Prosodic Transformation in Vocal Emotion Conversion for Multi-lingual Scenarios: A Pilot Study

Publication Type : Journal Article

Publisher : International Journal of Speech Technology

Source : International Journal of Speech Technology, Volume 22, Issue 3, p.533-549 (2019)

Campus : Bengaluru

School : Department of Computer Science and Engineering, School of Engineering

Department : Computer Science, Electronics and Communication

Year : 2019

Abstract : The primary objective of this work is to compare patterns for vocal expression across distinct linguistic contexts. Five language (datasets) are taken for experimentation viz.

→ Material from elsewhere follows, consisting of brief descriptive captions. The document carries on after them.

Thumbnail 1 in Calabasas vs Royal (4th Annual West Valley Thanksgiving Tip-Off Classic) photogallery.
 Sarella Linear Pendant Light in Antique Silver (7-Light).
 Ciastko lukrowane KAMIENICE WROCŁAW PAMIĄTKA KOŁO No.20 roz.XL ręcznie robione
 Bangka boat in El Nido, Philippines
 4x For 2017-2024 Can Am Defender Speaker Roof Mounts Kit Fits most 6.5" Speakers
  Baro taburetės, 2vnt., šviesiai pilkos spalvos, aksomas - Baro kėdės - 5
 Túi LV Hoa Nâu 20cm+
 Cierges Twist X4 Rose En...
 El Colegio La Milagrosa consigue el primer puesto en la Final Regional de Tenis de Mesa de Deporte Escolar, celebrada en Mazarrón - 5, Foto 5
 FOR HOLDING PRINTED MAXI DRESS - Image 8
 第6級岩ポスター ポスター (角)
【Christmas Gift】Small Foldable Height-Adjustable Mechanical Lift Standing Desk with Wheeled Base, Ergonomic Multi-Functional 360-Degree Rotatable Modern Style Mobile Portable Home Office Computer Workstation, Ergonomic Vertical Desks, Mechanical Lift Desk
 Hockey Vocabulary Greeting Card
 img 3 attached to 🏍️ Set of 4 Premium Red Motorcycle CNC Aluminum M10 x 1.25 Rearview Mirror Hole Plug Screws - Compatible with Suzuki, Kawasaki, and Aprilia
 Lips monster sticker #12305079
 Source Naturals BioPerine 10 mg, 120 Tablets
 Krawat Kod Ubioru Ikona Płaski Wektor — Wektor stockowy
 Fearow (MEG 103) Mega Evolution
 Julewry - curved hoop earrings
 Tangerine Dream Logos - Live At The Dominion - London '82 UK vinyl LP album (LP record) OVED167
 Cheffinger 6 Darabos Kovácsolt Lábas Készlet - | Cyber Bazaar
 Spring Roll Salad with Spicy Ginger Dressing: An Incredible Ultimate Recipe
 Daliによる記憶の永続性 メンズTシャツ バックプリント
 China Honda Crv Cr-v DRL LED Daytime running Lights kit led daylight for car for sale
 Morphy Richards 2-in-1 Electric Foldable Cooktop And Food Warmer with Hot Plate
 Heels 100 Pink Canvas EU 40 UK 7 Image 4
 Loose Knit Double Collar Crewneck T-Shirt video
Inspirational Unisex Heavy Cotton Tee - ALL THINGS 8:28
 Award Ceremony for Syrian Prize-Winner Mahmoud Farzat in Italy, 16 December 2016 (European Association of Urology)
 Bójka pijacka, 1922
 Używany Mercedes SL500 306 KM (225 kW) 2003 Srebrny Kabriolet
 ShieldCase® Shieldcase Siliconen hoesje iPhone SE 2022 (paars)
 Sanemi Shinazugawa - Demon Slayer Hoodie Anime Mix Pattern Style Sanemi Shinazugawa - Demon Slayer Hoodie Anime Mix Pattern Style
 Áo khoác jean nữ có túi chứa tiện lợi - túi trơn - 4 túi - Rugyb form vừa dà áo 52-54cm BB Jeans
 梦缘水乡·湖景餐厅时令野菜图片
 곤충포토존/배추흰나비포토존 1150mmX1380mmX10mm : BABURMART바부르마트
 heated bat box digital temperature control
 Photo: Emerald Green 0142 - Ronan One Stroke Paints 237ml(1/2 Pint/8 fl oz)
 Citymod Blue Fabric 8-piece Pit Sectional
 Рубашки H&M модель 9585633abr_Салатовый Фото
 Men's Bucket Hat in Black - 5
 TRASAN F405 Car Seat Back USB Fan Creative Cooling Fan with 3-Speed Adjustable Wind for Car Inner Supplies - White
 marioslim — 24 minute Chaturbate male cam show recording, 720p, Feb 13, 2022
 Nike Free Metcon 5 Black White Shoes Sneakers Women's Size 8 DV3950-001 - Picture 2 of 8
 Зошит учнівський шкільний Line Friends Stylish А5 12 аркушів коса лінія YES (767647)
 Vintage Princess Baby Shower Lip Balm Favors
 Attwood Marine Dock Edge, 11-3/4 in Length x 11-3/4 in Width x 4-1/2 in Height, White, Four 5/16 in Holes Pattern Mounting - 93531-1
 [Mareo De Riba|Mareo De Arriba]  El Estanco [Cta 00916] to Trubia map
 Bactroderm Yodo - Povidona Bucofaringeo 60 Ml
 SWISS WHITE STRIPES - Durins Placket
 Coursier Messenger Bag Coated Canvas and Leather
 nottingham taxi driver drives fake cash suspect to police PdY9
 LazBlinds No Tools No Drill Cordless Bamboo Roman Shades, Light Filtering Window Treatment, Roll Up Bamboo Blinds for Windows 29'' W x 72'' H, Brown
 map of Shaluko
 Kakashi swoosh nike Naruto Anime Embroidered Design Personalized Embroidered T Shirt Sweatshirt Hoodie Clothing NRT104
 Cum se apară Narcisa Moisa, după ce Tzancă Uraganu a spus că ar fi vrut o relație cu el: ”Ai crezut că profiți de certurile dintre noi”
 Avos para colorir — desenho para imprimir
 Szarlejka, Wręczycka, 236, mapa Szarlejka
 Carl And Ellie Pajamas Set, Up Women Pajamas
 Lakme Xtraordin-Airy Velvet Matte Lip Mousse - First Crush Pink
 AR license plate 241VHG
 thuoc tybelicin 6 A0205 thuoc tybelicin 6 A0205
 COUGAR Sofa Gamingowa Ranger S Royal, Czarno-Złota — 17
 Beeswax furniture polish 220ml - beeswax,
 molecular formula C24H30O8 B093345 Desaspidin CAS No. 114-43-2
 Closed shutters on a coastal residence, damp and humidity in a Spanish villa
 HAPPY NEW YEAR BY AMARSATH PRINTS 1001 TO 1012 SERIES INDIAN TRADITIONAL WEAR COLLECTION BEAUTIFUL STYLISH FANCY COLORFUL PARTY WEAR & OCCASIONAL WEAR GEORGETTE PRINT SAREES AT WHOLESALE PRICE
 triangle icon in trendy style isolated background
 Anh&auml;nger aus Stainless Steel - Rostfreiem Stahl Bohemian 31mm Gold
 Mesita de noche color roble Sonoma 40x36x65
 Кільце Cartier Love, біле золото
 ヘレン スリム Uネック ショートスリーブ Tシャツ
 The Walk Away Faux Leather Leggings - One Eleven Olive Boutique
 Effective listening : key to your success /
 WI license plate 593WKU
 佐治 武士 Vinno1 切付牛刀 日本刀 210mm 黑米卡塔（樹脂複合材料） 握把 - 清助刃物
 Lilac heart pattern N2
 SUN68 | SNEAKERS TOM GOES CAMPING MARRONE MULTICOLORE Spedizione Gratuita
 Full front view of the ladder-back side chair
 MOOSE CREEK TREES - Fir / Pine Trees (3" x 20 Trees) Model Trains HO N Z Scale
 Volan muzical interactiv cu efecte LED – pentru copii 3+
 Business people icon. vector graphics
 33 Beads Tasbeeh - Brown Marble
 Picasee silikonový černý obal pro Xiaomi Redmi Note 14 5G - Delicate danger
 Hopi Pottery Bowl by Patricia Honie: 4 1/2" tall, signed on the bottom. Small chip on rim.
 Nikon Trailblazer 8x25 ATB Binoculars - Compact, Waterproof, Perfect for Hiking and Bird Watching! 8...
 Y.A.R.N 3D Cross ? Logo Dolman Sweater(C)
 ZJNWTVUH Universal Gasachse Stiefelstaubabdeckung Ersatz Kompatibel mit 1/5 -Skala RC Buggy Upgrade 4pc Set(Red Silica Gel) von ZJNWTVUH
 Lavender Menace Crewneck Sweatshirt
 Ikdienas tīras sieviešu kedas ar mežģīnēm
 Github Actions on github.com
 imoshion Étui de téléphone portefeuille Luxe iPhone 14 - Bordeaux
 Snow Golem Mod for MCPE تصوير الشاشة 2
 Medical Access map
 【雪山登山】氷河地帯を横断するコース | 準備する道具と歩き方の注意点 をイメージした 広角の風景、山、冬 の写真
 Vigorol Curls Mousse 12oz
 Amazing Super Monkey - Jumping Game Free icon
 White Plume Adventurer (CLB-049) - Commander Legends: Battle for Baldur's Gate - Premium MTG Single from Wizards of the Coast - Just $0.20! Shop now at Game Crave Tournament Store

German (EmoDB), English (SAVEE), and Indian languages: Telugu (IITKGP), Malayalam and Tamil, each varying systematically with reference to typology and linguistic proximity. The hypothesis put forth for experimentation is that though the languages selected exploit the prosodic parameters in distinct measure to express a set of basic emotions, viz. anger, fear and happiness, there exist certain underlying similarities in terms of prosodic perception. A methodology for estimating and incorporating supra-segmental parameters contributing to emotional expression viz. pitch, duration and intensity is developed and tested against all five datasets. The main contribution in this work is the use of same prosodic transformation scales for emotion conversion across multi-lingual test cases for generation of vocal affect in multiple languages. Objective evaluation revealed maximum correlation for anger expression synthesised by adapting transformation scales from Tamil (0.95), that for fear from Telugu (0.89) while for happiness, scales from English dataset yielded superior conversion results (0.94). They are re-emphasised with perception test using comparative mean opinion scores (CMOS). Maximum CMOS of 3.8 is obtained for anger and fear emotions while conversion to happiness yielded a score of 3.3. Experimental findings indicate that though significant information embedded in prosodic parameters is dependent on language structure, common trends can be observed across certain languages in the context of emotion perception which can provide insights into development of emotion conversion systems in a multilingual context.

Cite this Research Publication : Susmitha Vekkot and Gupta, D., “Prosodic Transformation in Vocal Emotion Conversion for Multi-lingual Scenarios: A Pilot Study”, . International Journal of Speech Technology, vol. 22, no. 3, pp. 533-549, 2019.